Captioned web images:

=-=-=

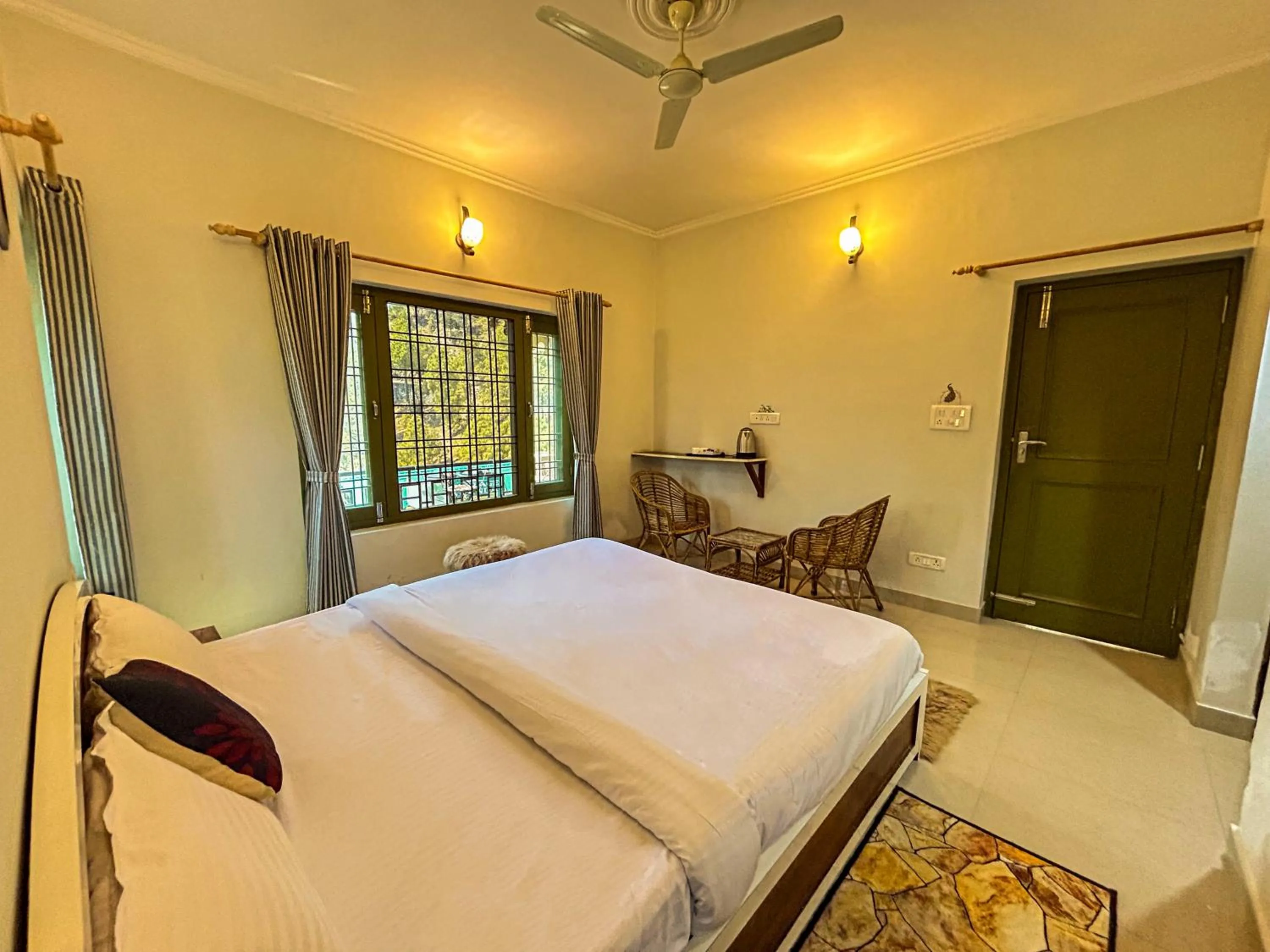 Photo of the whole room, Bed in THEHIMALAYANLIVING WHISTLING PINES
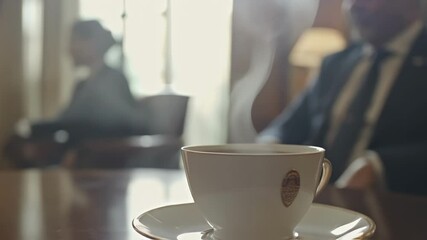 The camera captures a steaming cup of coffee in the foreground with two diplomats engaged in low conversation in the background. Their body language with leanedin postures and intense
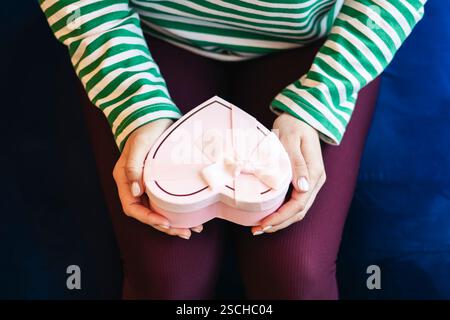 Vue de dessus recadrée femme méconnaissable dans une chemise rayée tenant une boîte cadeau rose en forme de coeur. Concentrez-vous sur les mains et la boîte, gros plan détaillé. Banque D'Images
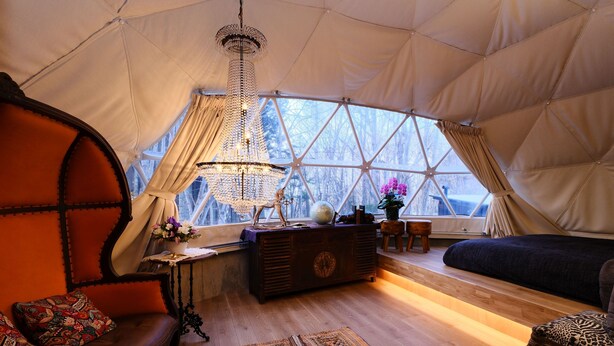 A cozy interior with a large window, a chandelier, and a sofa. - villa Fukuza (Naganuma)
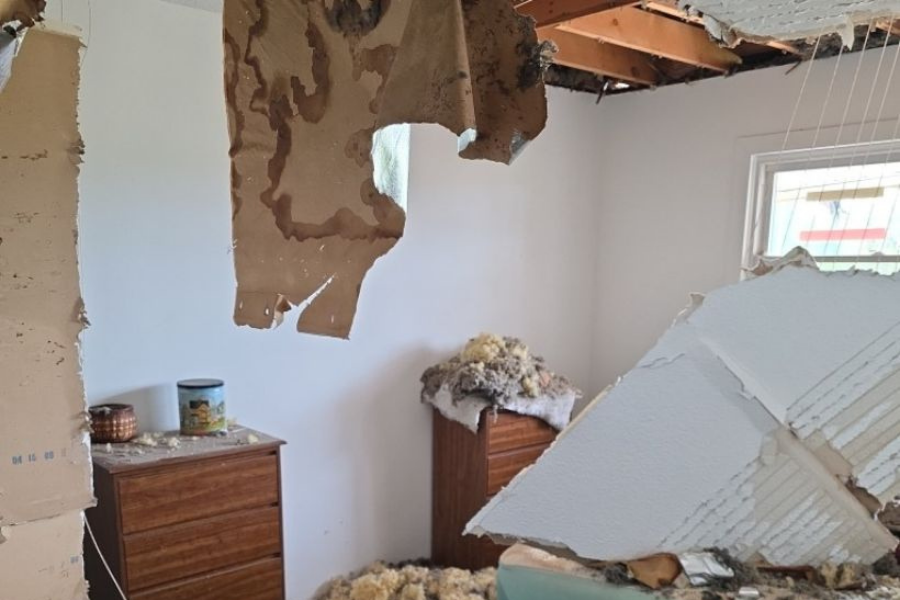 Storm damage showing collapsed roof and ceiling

=-=-=

Your task is to reproduce exactly the lines running from the line that contains "A cozy interior" to the end of the records, pictures excluded.

• _Task solution_
 A cozy interior with a large window, a chandelier, and a sofa. - villa Fukuza (Naganuma)
 Storm damage showing collapsed roof and ceiling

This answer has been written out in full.